SAM image size for fine-tuning

I am trying to fine-tune the Segment Anything (SAM) model following the recently-posted demo notebook (thanks, @nielsr and @ybelkada !).

I am trying to use 1024x1024 pixel images and masks, but when I try to calculate the loss with loss = seg_loss(predicted_masks, ground_truth_masks.unsqueeze(1)), I get an error from monai:

AssertionError: ground truth has different shape (torch.Size([1, 1, 1024, 1024])) from input (torch.Size([1, 1, 256, 256]))

Obviously, somewhere in the model() call, the input 1024x1024 tensor is getting downsampled to 256x256. In the example notebook, the input image is 256x256 already, so the mask is as well.

I am wondering what is the best way to handle this. Should I simply downsample my masks before calculating the loss or is there some parameter I can change so that I can use 1024x1024 masks?

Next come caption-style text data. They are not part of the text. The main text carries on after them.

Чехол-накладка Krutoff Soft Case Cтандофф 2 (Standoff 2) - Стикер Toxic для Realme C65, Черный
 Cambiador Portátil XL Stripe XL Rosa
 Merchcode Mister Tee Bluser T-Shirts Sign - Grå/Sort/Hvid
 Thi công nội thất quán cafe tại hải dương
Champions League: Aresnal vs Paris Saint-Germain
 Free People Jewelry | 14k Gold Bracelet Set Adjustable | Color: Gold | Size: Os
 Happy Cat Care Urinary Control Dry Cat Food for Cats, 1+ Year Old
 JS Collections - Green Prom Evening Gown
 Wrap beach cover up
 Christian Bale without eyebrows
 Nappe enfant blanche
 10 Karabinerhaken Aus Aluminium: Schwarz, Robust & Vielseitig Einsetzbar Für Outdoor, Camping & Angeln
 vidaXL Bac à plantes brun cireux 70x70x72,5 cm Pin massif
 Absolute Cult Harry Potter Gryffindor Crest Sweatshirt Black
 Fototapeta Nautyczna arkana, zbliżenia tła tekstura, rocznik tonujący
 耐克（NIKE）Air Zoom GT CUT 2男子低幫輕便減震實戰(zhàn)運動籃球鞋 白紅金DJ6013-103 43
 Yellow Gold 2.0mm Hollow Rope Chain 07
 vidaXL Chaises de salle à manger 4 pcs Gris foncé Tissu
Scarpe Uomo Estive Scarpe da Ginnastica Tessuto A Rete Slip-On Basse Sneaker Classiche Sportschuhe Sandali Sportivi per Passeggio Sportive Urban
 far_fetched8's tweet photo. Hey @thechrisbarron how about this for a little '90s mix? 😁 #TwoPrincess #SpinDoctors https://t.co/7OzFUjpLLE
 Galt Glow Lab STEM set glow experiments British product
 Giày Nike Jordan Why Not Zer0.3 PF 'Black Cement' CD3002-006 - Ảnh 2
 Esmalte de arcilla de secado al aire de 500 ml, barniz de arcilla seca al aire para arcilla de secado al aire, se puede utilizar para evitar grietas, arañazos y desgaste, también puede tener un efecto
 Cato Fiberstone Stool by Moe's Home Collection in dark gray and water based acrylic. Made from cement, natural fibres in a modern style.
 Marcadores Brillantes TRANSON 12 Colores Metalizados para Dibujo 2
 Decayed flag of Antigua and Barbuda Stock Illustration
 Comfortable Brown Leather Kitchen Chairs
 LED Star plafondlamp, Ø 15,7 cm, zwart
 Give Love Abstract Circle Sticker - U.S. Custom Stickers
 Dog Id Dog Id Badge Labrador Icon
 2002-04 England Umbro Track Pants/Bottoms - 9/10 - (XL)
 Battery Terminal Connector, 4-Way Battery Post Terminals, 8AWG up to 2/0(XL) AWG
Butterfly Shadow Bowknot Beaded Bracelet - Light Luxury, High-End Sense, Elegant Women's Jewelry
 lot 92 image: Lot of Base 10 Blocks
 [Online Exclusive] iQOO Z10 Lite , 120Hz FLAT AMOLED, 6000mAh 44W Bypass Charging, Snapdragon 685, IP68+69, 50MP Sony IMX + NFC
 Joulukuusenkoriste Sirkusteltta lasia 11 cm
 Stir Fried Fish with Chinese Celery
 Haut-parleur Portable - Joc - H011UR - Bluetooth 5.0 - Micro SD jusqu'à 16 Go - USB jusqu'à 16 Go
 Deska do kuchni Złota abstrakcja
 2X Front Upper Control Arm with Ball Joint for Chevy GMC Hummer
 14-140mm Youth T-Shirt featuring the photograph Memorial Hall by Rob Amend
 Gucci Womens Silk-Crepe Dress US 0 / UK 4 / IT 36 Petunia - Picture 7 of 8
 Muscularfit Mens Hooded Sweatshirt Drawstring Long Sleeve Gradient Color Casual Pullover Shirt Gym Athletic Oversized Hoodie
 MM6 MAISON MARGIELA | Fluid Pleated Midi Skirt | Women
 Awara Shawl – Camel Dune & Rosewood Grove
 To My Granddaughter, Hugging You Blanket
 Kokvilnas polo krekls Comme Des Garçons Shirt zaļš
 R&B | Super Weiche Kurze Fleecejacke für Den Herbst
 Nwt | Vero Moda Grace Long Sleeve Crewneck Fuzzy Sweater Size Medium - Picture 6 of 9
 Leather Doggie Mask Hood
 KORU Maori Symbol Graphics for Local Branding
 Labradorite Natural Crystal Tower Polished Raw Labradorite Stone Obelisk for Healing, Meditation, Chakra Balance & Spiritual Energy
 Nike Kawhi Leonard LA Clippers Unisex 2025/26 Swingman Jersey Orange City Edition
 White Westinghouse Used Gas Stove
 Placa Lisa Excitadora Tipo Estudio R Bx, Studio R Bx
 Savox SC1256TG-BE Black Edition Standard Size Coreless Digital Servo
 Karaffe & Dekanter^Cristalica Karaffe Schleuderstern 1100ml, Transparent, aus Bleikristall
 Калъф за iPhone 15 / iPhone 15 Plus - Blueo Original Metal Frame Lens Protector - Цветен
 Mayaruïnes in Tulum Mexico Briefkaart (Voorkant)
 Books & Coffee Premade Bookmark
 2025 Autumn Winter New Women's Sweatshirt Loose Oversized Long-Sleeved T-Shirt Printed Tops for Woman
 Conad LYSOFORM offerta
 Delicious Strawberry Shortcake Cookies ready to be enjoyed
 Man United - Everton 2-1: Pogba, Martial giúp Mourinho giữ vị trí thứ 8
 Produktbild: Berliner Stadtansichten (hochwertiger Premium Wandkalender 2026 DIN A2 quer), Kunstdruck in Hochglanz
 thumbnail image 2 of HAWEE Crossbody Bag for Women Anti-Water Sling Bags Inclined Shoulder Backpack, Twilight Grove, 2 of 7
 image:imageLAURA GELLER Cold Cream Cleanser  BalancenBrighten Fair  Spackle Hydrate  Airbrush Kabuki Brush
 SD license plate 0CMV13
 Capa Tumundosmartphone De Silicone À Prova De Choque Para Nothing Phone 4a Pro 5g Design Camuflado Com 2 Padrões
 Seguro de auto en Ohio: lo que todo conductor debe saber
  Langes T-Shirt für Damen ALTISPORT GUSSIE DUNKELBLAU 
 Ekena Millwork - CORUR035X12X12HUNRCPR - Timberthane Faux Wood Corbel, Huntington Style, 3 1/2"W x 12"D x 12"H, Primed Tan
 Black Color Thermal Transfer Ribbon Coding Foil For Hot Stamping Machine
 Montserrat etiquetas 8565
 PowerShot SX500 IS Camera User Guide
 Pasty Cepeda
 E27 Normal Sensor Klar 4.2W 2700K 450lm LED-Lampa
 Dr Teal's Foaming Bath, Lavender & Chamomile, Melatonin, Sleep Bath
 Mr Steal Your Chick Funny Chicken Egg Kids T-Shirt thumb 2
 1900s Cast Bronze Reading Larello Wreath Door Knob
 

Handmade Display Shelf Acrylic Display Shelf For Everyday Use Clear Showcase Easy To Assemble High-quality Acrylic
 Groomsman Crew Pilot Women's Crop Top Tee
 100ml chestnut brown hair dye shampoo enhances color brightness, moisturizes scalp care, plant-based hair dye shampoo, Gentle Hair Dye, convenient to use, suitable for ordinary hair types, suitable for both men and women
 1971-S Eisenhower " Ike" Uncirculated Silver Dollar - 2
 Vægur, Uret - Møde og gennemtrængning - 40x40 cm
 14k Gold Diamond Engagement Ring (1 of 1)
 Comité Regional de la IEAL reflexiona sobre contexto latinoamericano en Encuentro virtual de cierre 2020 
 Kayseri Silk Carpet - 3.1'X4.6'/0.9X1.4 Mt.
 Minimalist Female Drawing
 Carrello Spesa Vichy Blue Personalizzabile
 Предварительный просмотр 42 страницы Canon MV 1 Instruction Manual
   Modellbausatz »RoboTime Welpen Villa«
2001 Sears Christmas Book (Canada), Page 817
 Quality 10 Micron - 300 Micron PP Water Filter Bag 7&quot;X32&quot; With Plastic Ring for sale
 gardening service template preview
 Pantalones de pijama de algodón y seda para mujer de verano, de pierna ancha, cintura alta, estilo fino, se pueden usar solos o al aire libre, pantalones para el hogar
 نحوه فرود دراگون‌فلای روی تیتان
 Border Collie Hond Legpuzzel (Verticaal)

Thanks for your interest in my notebook! You could use torch.nn.functional.interpolate to interpolate the predicted masks to the appropriate size before calculating the loss:

from torch import nn

predicted_masks = nn.functional.interpolate(predicted_masks,
                size=(1024, 1024),

This is also used in the postprocessing method of SamImageProcessor.

Hi @nielsr
I was experimenting with the same notebook. In my case, I have trained on a custom dataset. Now, I want it to predict masks automatically (without any prompts like bounding boxes). How to do it?
I tried a few things (input_boxes=None, input_boxes = [0,0,img_width, img_height], using pipeline("mask-generator", model=my_model, processor = my_processor) from here and loading my checkpoint like in here) but they didn’t work.